# We have ADDED to our sale! Peptides are now 35% off AND we have added other products!



## CEM Store (Jul 10, 2012)

That's right we decided to make our sale EVEN BETTER!
Now along with the Peptides the following are also at 35% off for a limited time:
Cia
 Clen
Letro
 T3
 Stane
 Tamox

And don't forget the rest of the store is still 20% off!

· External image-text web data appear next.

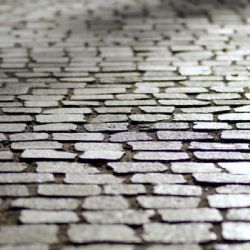 Problém s dlažbou na mostě: Kraj žádá opravu za provozu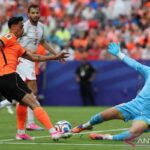 Belanda memuncaki Grup F setelah mengalahkan Tunisia 3-1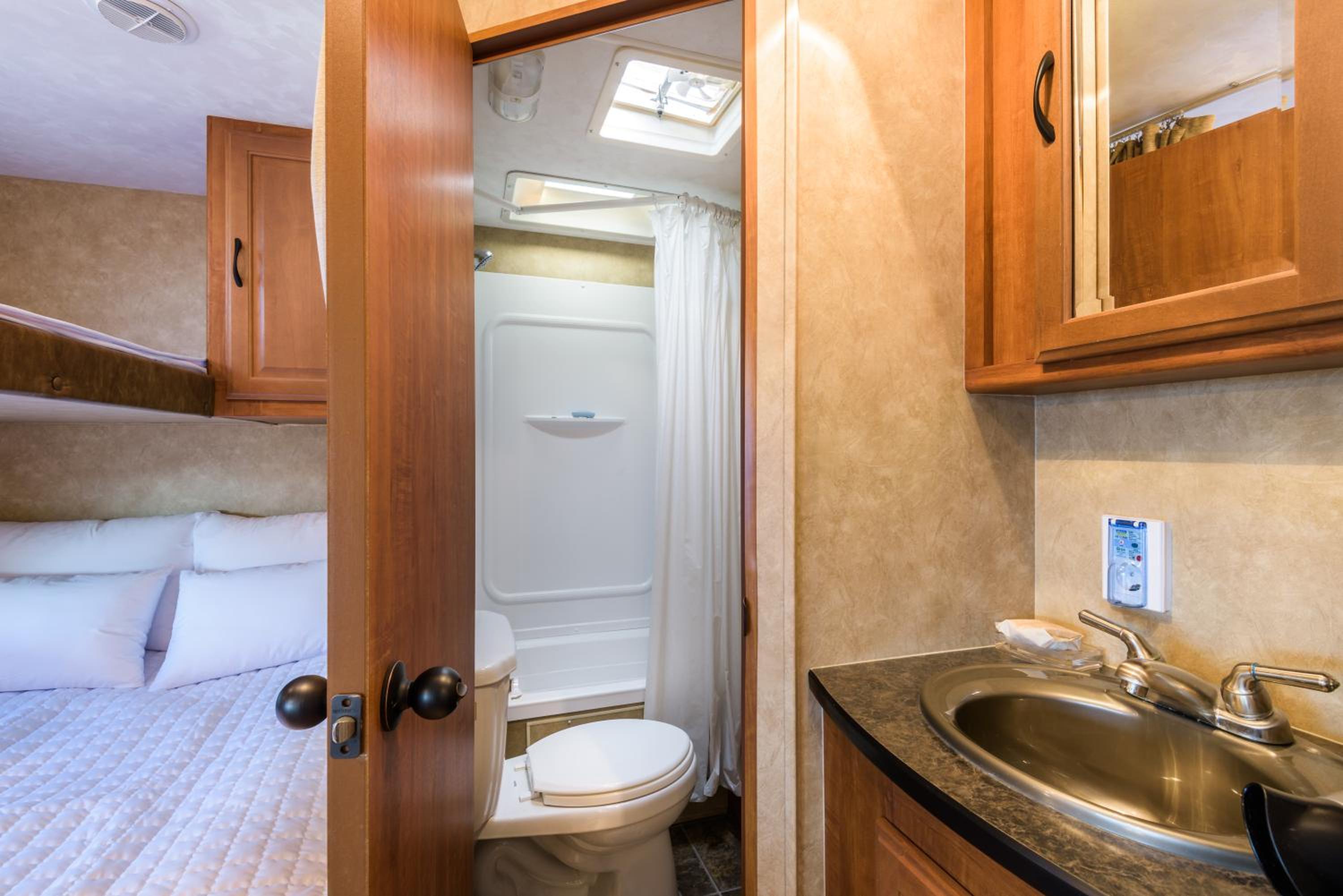 Caravan photo 2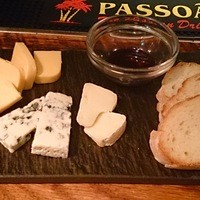 マヌエル タスカ ド ターリョ 丸の内店 - ３種チーズ盛り合わせ
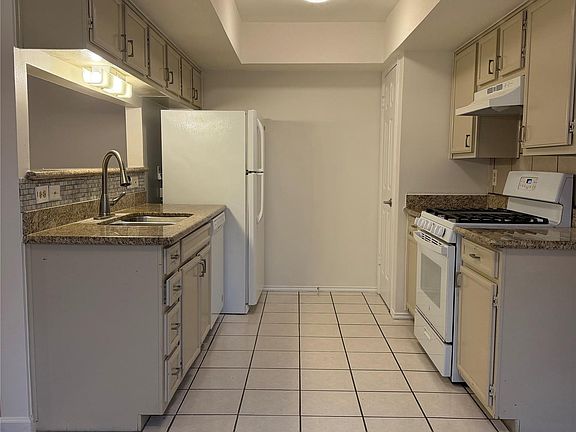 5th image of 615 Luther Dr #A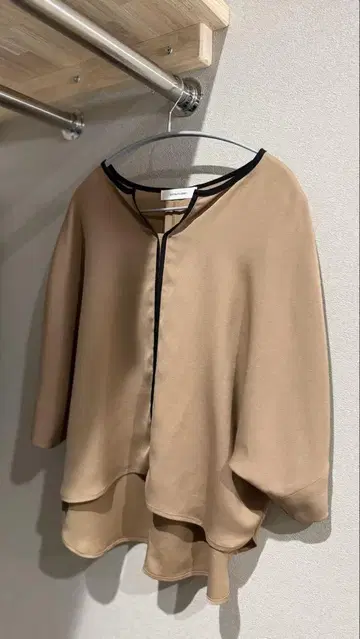 MAYSON GREY 2WAY 드로스트 풀오버 블라우스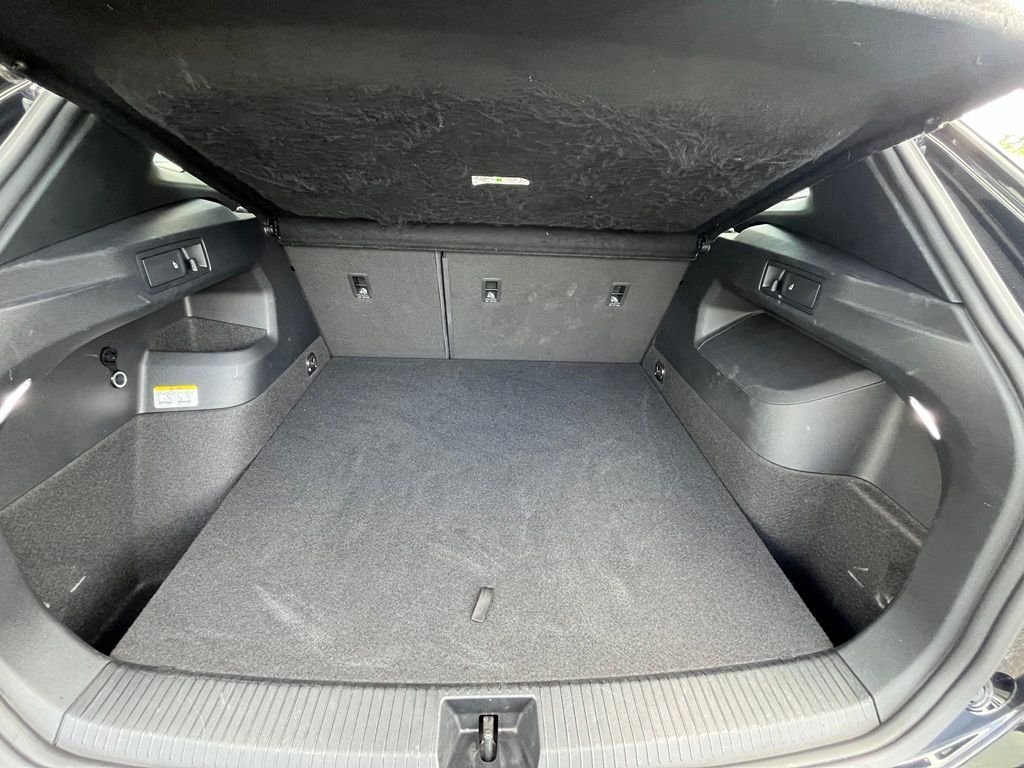 Certified Used 2025 Black Volkswagen 2.0T SEL R-Line image 28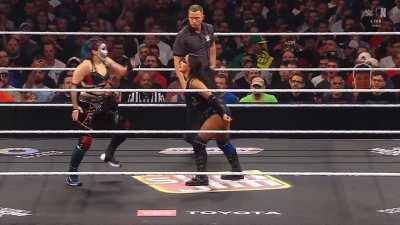 Kairi & Asuka battle the Judgment Day! (RAW - 9/1/25)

GREAT time for savings, don?t miss this!

Check out sale here----->  Welcome to CEMproducts.com!


ENJOY!  



*Excluding accessories


----------



## CEM Store (Jul 11, 2012)

Don't miss out!


----------



## CEM Store (Jul 12, 2012)

Now along with the Peptides the following are also at 35% off for a limited time:
Cia
Clen
Letro
T3
Stane
Tamox

And now all syringes, filters, and vials are 20% off.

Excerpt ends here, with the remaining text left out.